The last time there were this many crises in the air, over 30 years ago, a burgeoning civil rights movement informed and inspired a decade-long struggle to stop the war in Southeast Asia, which in turn helped birth the feminist, environmental, farmworker and Chicano, Native American, and countless other vibrant, effective movements. Battles--nonviolent and otherwise--were lost, and won. Young white people massed in once-unthinkable numbers; for several years, every summer brought struggles across the south, and for summers after that, fresh waves of black riots in inner cities.

Today, there is no longer Jim Crow--unless you want to vote in a close presidential election in Florida or in any number of other states--and there is no war in which hundreds of thousands of Americans are fighting, many of them dying, on the soil of a distant country. Just as the crises of the '60s were different from those that prompted Depression-era hunger marches and sit-down strikes, today's crises resist comparison to yesterday's. Global warming. Large numbers of species extinctions. Genetically modified organisms and food. Sperm contamination in countless species (including ours), and contamination of all animals, including humans, with ever-increasing numbers of heavy metals and other toxins. Corporate dominance of media. Big business destroying small businesses, and whole communities in the process. In the US, two million people in prisons. Torture. Indefinite imprisonment without trial. Loss of civil liberties. Increasing poverty, hunger, and disease in much of the world, with an ever-widening gap between rich and poor, at home and abroad, enforced by US-dominated economic institutions and "free trade." Big corporations and the rich effectively no longer paying taxes, and using a fraction of their resulting wealth to buy off America's political system. The US military in 140 countries around the world, with open talk of literally conquering the world ("American Empire") and dominance through space-based and nuclear weapons. The list goes on.

In the civil rights and anti-war eras--and in the struggles of the 1930s, and previously through suffrage and union battles and abolition of slavery and all the other struggles for progress and human dignity that define this country's history--the long-term struggles were won. even as the individual battles were lost time and again.

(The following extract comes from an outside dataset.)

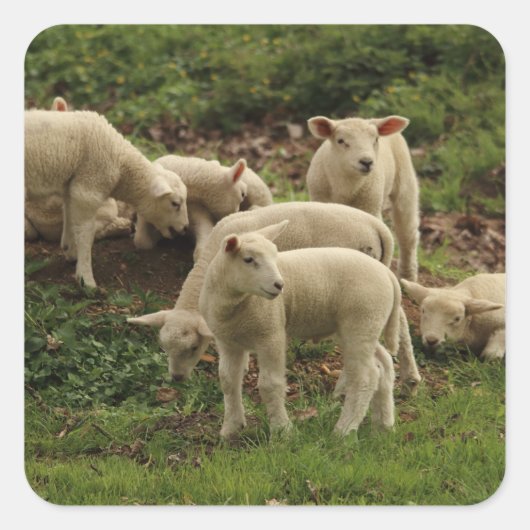 ラムスクエアステッカー スクエアシール (正面)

Occasionally, victories came through courageous court decisions or risk-taking politicians; far more often, they came through subtle, long-term shifts in society's attitudes toward a question, as the old not so much changed its mind but died off and was replaced by the new. And they came through people figuratively and at times literally going to the streets, a usually young, usually radical edge that drew attention to an issue and that expressed in vivid terms the more moderate concerns and activism of millions of others.

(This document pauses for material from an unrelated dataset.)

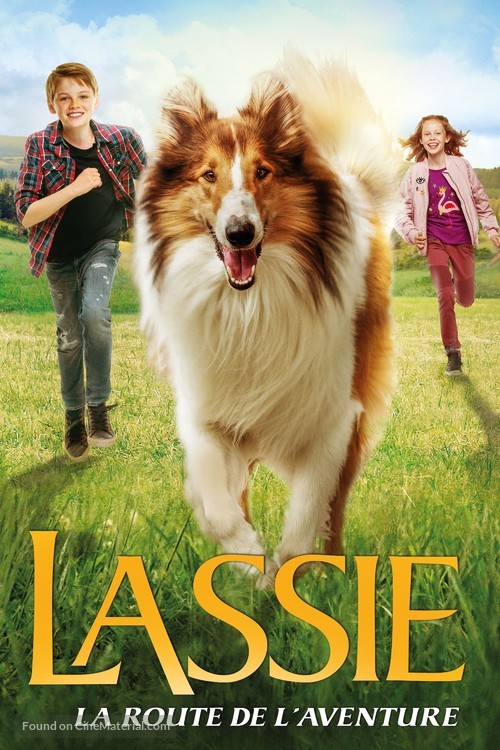 Lassie - Eine abenteuerliche Reise - French Movie Cover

>From these came (and still come) people who take risks--risking their comfort, their jobs, their wealth, their bodies, their freedoms, even their lives--and who, by doing so in the service of a larger movement, demonstrate the depth of passion and commitment they bring to their demands for change--from freedom rides to voter registration drives to sit-ins and blockades and the burning of draft files.

Where are they?

The list of today's issues is neither frivolous nor abstract. When Daniel Berrigan spoke in 1968, lives were at stake. Today we're also talking about lives--literally, billions of them, human and otherwise. It's serious stuff. It demands a creativity and commitment strong enough to overcome countless people with unlimited money working 24/7 to achieve bad things. It requires a response more passionate, and a risk greater, than dropping a dime in the check-out counter donation display, or chanting "No justice, no peace!" for a half-hour, and then rushing home and wondering why we aren't on tee-vee.

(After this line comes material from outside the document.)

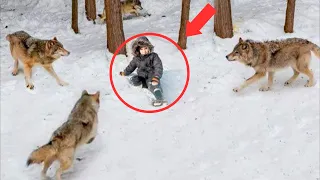 El niño fue rodeado por una manada de lobos y lo que sucedió es indescriptible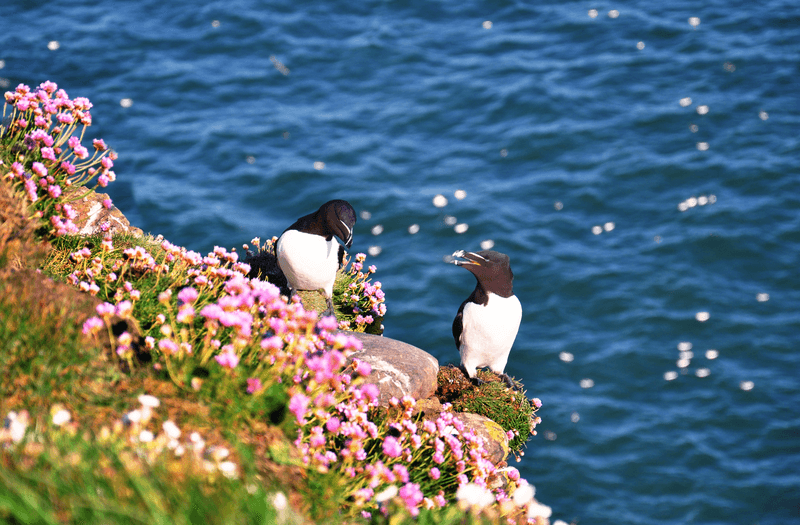 Razorbills nesting on the cliffs in Fowlsheugh Nature Reserve, Scotland. Fowlsheugh is known for its 70-metre-high cliff formations and habitat supporting prolific seabird nesting colonies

To be sure, there are risk-takers among us. The internationals who've traveled in recent months to accompany Palestinians, protecting them at times with their very bodies, are an obvious example. They helped draw attention to Israel's perpetration of atrocities in a way that didn't happen during Israel's similarly thuggish invasion of Lebanon 20 years ago. And there are other effective examples--the tree-sitters (most notoriously, Julia Butterfly Hill) whose dedication has saved some Pacific Northwest old growth and brought at least a bit of attention to the ongoing destruction of our forests; Jennifer Harbury, whose hunger strikes on behalf of her kidnapped (and, as it turned out, tortured and murdered) Guatemalan husband eventually both brought that case to light and forced, at least until 9-11, ostensible reforms in how the CIA operated.

They are drops in the bucket.

Other people have been taking risks in recent years--the Plowshares movement, for example, in which Phil Berrigan and others nonviolently witness (mostly in obscurity) against America's nuclear juggernaut. Most visibly, global justice protesters have risked tear gas, pepper spray, and jail simply for showing up in the 30 months since WTO came to Seattle.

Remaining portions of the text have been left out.